Comme le rappelle le général Vincent Desportes, l’une des règles de la guerre est que « c’est avec son adversaire que l’on fait la paix ». Il faudra donc, en fin de compte, négocier avec les talibans. Ceux-ci y sont-ils prêts ? Selon le général Pierre Chavancy, qui a commandé sur le terrain une brigade française, « les talibans ont perdu la bataille de la conviction » auprès d’une population qui « se désolidarise » et « ne croit plus au djihad ». Invité de l’IRIS, Abdullah Abdullah, chef de l’opposition, candidat malheureux à l’élection présidentielle de 2009, estime que la discussion avec les talibans n’est qu’une infime partie du processus politique et que celui-ci, pour être « global », passe aussi par l’établissement de la démocratie, qu’il juge bafouée par son vainqueur, Hamid Karzaï.
N’est-il pas trop tard ?
Serge Michailof, ancien directeur exécutif de l’Agence française de développement, souligne qu’il aurait mieux valu commencer par la construction d’un Etat moderne, doté d’un appareil d’Etat solide et attentif à la relance de l’économie rurale. Cet objectif peut-il encore être atteint. N’est-il pas trop tard ? C’est toute la question. Sur ce point, si les uns affichent, comme l’ambassadeur afghan en France Omar Samad, un « optimisme prudent », d’autres sont nettement plus pessimistes.
L’anthropologue Georges Lefeuvre préfère, pour sa part, citer Senghor : « Il faut la patience du long apprentissage des libertés ». L’ancien ambassadeur Jean de Ponton d’Amécourt juge qu’un travail important a été accompli, même si beaucoup de temps a été perdu. Il estime que la mort de Ben Laden, en rendant visible la « duplicité » du Pakistan, peut accélérer les choses.
La question du Pakistan
La question du Pakistan apparaît comme centrale dans la crise qui déchire la région. L’Afghanistan est l’un des grands enjeux du conflit entre l’Inde et le Pakistan, chacun des deux pays cherchant à s’assurer le contrôle de Kaboul. Le soutien apporté aux talibans par Islamabad est l’instrument de cette stratégie tandis que Hamid Karzaï apparaît, selon les spécialistes, comme l’homme de New Delhi. Il n’y aura donc pas d’issue hors d’un accord indo-pakistanais. Aussi la plupart des experts jugent-ils nécessaire une approche régionale du problème afghan, qui pourrait passer par la convocation d’une conférence internationale ouverte aux deux pays mais aussi à leurs grands voisins, tels que la Russie et la Chine.

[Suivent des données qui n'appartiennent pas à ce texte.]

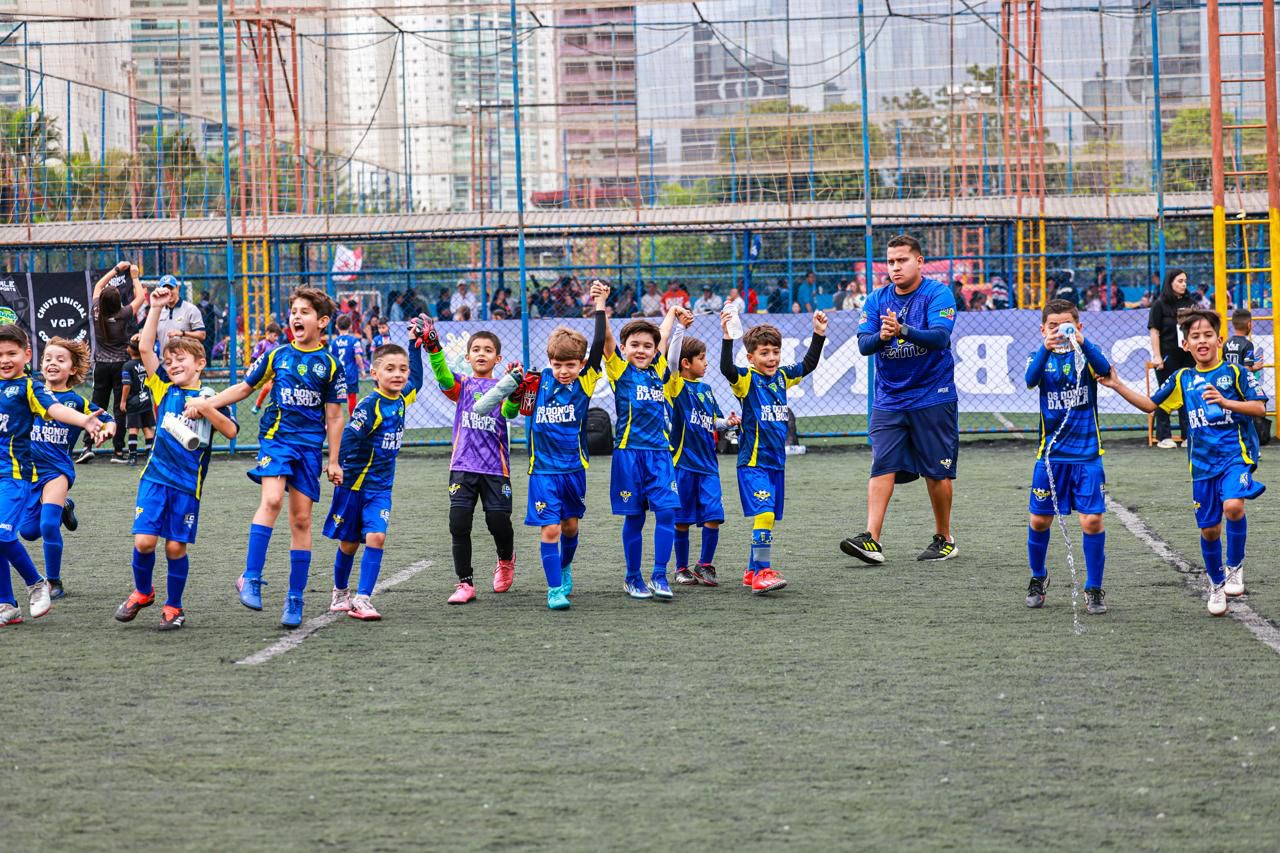 Alunos da Olímpia comemorando em campo com o professor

Plusieurs scénarios sont encore possibles, explique Christian Lechervy, qui vont du plus optimiste (la stabilisation de l’Afghanistan, avec la participation du Pakistan et la préservation des équilibres ethniques) au plus pessimiste (la recrudescence de la violence, marquée par le refus de toute négociation et la mauvaise volonté du Pakistan). Il dépendra des parties prenantes, et notamment des Etats-Unis, que l’avenir s’éclaire ou s’assombrisse.